'Still Batty' Newsletter Home Page

NEWSLETTER

This will be the place to find Scooter Scrambling memories, and it's open to everyone. It's still under construction at the moment, but here's a few topics to start us off. If you have any memories of going to Elstead (or any of the other locations), either as a spectator or a competitor, and you'd like to share your memories or photos with us, then please contact me for further details.

In this issue:
To D or not to D?
Transport Troubles
LD Exhaust Box
Finger Trouble
They Think It's All Over!

To D or not to D?

Graeme Aldous looks at some of the design points of his Lambretta

Don Hale on bike

Don Hale leaves the sandpit. You can see the original LD bodywork
and seat support above the engine.

When I described my bike in the feature, I said it was based on a Lambretta 150D... but that wasn't strictly speaking accurate. It was originally built by Don Hale and his SS Scooters colleagues, and sharp-eyed viewers will have noticed that in the earlier pictures of Don riding it, the bike is clearly not a D, but an LD. The difference was that the later LD models came from the Innocenti factory with full bodywork enclosing the engine — the removable panels hooked over a centre pressed-steel section that ran from above the back of the footboard to behind the rear wheel, supporting the seat. This was the most popular model in the UK, and was far more readily available.

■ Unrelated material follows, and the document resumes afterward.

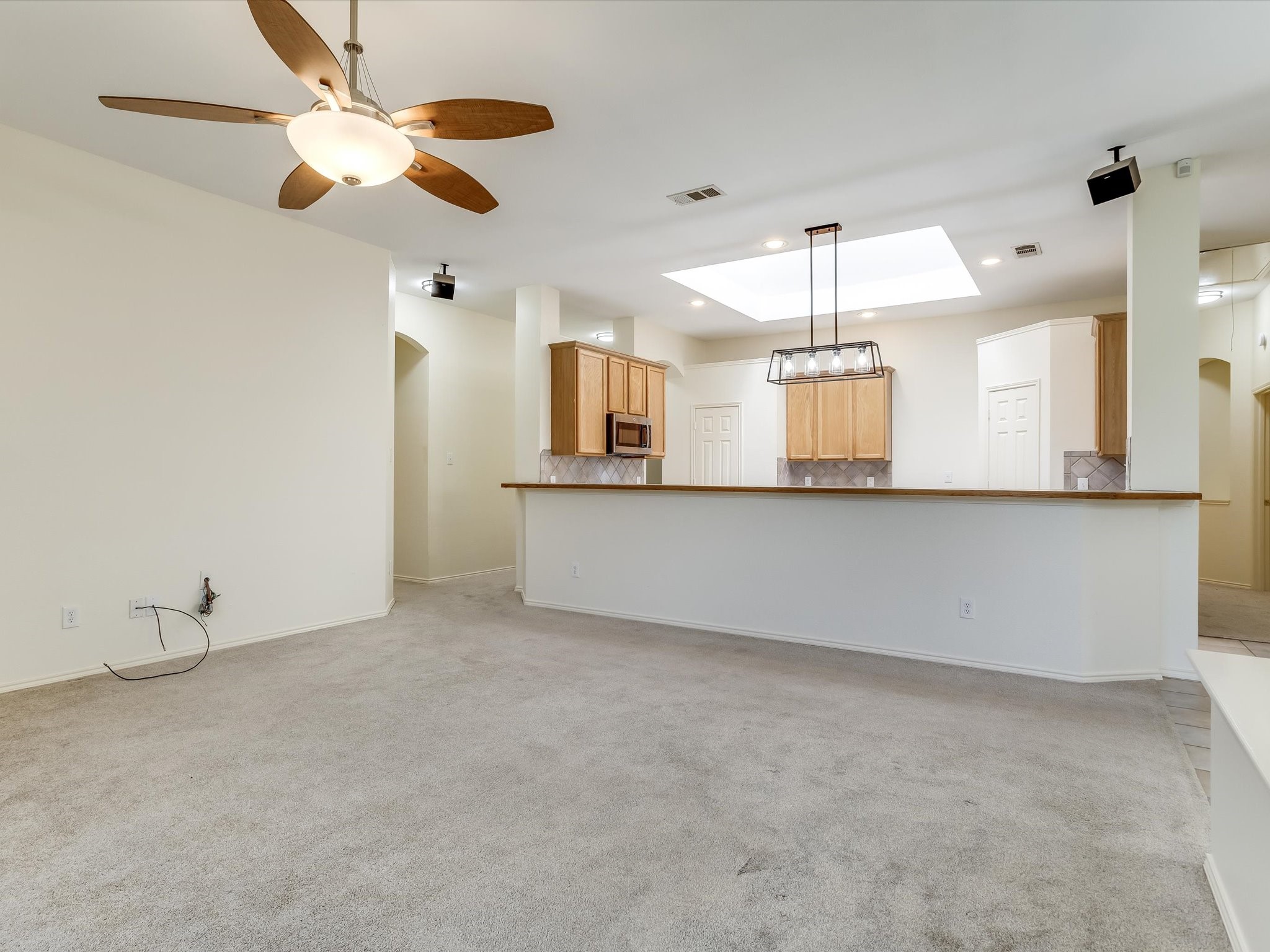 Residential in Fort Worth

Me almost at the same spot, at my first meeting as a rider.
Don had cut out the solid section of the bodywork in front of the engine
to allow a cooling airflow, but this weakened the pressed-steel section.

Graeme Aldous on bike

But although the pressed steel section was durable enough for road use, it didn't have the strength of a full round chassis tube for scrambling, and mine was looking its age when Don sold it to me. I managed to source an old D frame where the rear end was straight — the main tube was the same on both models — and got someone (probably Demon Welder Ted Winn?) to weld it in. So yes, it looked like a D, but was actually 'born' as an LD.

Don Hale on bike

A few years later, the pressed-steel LD seat support has been
replaced by a section of frame from a D.

This gave an interesting situation when I came to register it for the road. The DVLA needed to check the engine and chassis numbers before they would issue a licence. On the LD the chassis number was stamped on the seat support bracket... but that had gone. It was elsewhere on the D, but not on the bit that I had incorporated, so I had a frame with no visible chassis number at all.

When the inspector called, my father (I was already away training for my Belfast posting) took him down the garden to the shed where the bike lived. When he couldn't find a number, his response was "Well, no-one who was up to no good would choose to ride on a thing like that!", and agreed to pass it. Shades of "You must be bats to ride one of those!"

The bike was issued with the number DLT38C, and I often wondered if the BBC Radio 1 DJ Dave Lee Travis would have been interested in it as a personal number.

Getting the bike to Belfast created something of a problem, as it was my first posting, and my employer wouldn't pay removal expenses for first postings. All my possessions had to be forced into a Triumph Herald Convertible, and ferried across the Irish Sea in a number of trips. On the last one the Lambretta went too — the car's passenger and rear seats were removed, and used as padding around the bike, which had its front wheel in the passenger's footwell, and the rear wheel in the boot space, with the handlebars turned sideways. Very versatile, Triumph Heralds!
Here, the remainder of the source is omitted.